BEGIN MATERIAL TO PROCESS

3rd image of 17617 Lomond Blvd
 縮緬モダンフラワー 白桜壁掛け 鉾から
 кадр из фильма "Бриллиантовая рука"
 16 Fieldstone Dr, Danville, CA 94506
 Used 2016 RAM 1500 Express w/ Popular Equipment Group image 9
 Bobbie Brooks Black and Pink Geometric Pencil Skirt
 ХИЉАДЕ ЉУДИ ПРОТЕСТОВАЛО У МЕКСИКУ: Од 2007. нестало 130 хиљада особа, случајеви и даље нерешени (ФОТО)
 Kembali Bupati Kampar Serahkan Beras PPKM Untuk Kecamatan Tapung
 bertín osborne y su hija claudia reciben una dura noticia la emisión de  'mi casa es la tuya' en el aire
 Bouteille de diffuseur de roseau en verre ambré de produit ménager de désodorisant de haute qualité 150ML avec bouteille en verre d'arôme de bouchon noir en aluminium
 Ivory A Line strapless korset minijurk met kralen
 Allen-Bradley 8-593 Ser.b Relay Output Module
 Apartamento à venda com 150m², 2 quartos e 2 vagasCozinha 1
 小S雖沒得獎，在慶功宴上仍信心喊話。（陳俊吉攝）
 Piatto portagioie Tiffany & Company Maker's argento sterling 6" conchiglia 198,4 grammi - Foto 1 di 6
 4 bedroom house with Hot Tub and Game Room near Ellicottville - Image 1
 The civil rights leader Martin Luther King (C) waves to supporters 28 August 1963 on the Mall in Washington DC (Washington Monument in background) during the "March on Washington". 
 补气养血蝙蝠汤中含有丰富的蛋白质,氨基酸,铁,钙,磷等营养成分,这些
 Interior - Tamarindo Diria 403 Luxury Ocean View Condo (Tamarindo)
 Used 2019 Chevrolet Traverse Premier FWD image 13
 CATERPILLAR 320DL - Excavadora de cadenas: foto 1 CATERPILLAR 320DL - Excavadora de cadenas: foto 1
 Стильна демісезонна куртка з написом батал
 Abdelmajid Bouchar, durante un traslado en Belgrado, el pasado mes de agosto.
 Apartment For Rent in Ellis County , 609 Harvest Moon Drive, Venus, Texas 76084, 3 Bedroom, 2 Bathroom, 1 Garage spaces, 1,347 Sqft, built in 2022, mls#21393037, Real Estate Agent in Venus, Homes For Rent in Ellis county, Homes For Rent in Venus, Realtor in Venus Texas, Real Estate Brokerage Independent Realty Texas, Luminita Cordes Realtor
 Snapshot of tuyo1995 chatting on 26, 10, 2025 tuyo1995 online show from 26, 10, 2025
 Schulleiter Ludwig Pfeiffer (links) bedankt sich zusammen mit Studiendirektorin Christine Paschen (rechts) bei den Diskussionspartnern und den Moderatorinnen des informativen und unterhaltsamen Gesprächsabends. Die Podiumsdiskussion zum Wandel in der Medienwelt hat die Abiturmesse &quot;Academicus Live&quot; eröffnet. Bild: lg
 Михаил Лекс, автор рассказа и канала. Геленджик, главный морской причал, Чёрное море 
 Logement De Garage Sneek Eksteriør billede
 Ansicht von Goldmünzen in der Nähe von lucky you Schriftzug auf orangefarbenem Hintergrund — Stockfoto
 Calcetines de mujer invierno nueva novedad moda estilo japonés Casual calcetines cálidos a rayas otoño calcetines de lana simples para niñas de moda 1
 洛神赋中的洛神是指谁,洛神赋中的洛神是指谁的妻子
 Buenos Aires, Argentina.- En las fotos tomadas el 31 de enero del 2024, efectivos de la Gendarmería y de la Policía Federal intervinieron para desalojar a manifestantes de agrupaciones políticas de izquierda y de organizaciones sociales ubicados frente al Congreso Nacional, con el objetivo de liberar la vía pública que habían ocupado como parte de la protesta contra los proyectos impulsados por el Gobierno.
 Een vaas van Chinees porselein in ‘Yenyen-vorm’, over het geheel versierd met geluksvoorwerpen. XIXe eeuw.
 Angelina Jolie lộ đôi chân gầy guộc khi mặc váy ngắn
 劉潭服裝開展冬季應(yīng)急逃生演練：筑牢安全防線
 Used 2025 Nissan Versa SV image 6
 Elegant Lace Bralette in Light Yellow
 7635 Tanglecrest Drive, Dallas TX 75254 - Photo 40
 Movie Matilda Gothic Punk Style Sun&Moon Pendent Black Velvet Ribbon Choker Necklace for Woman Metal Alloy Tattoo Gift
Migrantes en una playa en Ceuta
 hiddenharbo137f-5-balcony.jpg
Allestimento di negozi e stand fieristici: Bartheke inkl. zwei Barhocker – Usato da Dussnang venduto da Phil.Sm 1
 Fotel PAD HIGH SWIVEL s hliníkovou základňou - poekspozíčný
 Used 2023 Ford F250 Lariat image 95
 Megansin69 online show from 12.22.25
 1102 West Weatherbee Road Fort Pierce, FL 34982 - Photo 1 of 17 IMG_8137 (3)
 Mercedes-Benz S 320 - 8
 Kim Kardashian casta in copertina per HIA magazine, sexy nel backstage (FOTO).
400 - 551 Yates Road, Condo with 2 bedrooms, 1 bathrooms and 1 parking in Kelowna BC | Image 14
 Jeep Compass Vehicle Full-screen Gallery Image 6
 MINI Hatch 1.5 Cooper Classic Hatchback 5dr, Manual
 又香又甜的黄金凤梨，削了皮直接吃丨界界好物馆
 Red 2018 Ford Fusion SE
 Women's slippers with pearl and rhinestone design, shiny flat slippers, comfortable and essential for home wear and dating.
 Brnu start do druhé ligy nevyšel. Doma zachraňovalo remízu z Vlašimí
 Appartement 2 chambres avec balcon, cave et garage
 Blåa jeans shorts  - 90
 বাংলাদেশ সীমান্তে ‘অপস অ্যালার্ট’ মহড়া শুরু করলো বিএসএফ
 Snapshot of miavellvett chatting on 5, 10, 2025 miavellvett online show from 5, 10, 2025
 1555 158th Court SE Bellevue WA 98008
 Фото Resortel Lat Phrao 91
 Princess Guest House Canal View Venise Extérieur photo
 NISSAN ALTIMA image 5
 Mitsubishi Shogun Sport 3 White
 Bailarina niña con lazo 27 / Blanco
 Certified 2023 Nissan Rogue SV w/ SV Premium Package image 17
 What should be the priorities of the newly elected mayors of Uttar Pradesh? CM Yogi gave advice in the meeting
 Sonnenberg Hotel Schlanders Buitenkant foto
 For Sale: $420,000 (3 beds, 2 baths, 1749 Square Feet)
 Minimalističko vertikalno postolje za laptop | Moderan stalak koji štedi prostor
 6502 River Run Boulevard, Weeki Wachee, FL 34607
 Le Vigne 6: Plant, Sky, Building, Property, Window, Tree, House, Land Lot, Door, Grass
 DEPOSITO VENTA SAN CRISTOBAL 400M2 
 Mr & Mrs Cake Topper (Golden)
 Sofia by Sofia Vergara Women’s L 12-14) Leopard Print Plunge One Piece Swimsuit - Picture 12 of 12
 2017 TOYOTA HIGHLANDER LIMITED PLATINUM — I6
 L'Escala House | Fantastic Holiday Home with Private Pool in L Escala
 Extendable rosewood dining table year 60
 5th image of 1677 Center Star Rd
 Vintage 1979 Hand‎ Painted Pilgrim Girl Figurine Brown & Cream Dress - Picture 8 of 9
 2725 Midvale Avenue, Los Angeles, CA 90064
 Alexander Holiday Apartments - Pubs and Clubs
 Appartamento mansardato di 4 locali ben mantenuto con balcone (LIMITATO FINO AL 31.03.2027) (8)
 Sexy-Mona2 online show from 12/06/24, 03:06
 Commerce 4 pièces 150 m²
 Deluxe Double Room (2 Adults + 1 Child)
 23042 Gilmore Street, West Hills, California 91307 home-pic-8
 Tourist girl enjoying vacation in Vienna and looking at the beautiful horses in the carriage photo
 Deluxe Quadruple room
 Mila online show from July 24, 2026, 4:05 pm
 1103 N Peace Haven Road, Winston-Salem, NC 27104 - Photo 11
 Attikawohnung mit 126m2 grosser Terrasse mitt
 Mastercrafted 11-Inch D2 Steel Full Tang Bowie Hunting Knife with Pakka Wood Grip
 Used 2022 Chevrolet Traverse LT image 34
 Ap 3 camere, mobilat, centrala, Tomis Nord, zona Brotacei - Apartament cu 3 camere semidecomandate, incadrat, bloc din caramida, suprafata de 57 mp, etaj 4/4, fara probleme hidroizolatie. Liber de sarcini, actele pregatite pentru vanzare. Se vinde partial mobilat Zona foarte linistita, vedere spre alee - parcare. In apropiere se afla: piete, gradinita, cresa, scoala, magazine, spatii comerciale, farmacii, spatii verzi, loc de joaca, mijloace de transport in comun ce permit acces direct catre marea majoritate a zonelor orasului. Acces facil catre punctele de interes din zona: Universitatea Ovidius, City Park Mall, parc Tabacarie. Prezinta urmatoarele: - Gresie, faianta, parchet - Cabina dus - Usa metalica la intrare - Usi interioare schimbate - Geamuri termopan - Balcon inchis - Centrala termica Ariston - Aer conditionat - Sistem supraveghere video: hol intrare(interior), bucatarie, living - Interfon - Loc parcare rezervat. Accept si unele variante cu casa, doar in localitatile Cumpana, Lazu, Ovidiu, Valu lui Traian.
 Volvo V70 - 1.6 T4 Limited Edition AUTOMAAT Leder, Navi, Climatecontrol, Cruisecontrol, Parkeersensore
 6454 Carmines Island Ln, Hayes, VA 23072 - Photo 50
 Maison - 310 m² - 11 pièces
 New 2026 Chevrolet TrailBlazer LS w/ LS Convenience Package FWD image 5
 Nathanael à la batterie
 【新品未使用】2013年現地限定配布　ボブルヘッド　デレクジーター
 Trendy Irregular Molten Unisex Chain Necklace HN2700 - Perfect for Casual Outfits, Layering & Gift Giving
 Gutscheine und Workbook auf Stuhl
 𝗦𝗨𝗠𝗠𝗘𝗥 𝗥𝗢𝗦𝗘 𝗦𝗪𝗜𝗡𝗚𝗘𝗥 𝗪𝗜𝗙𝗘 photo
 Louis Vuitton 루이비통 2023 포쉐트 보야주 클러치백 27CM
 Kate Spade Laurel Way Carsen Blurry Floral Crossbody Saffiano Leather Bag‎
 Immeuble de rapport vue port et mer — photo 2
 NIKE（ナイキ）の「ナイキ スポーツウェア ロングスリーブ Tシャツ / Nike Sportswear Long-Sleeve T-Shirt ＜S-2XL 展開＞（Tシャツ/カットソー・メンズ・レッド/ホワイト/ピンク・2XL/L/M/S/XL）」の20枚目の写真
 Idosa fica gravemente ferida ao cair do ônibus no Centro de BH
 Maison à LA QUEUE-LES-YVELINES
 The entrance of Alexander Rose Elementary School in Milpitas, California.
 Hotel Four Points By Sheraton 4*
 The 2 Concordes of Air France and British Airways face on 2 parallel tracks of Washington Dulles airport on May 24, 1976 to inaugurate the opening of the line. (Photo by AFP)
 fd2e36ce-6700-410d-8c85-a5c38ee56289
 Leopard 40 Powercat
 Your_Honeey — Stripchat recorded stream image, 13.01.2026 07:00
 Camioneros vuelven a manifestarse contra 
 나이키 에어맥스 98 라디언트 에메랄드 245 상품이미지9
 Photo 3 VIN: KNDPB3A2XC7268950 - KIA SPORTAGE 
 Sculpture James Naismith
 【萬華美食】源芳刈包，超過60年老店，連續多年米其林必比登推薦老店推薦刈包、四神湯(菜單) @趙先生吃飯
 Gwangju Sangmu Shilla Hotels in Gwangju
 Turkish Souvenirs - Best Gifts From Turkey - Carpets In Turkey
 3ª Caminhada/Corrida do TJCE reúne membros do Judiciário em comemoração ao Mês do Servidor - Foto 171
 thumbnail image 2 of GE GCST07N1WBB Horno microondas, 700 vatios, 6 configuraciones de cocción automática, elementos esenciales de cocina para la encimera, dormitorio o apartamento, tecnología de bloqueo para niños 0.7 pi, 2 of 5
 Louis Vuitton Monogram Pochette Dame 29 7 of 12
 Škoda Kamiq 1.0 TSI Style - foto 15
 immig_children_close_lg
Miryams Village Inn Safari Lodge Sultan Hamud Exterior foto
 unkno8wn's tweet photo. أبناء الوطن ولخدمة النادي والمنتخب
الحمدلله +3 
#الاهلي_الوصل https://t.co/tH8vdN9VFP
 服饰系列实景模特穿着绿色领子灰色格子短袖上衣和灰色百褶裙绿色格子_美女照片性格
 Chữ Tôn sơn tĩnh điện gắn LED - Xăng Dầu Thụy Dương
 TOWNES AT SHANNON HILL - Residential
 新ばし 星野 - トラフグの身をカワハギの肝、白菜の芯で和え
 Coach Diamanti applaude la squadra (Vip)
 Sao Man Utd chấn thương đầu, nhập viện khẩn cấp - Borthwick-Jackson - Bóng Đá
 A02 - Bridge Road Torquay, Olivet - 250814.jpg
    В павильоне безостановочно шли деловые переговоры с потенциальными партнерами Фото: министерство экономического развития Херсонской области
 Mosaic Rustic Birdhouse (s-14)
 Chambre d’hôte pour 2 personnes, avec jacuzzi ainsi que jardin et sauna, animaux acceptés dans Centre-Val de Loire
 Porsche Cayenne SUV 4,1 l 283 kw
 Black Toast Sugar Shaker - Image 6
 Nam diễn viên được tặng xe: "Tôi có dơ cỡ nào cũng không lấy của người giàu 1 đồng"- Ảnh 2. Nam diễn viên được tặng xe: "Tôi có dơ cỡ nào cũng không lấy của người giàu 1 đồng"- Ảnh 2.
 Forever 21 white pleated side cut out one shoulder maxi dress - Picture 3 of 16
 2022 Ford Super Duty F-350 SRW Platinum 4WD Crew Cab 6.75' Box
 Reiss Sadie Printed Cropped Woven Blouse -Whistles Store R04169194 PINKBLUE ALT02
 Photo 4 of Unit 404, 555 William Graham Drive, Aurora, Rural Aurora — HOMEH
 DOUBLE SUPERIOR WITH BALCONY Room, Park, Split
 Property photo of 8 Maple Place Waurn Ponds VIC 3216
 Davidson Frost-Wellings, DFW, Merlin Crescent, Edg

END MATERIAL TO PROCESS

ASSIGNMENT. What is needed is every line of the records above that contains the word "Style".

WRITTEN ANSWER.
 Movie Matilda Gothic Punk Style Sun&Moon Pendent Black Velvet Ribbon Choker Necklace for Woman Metal Alloy Tattoo Gift
 Škoda Kamiq 1.0 TSI Style - foto 15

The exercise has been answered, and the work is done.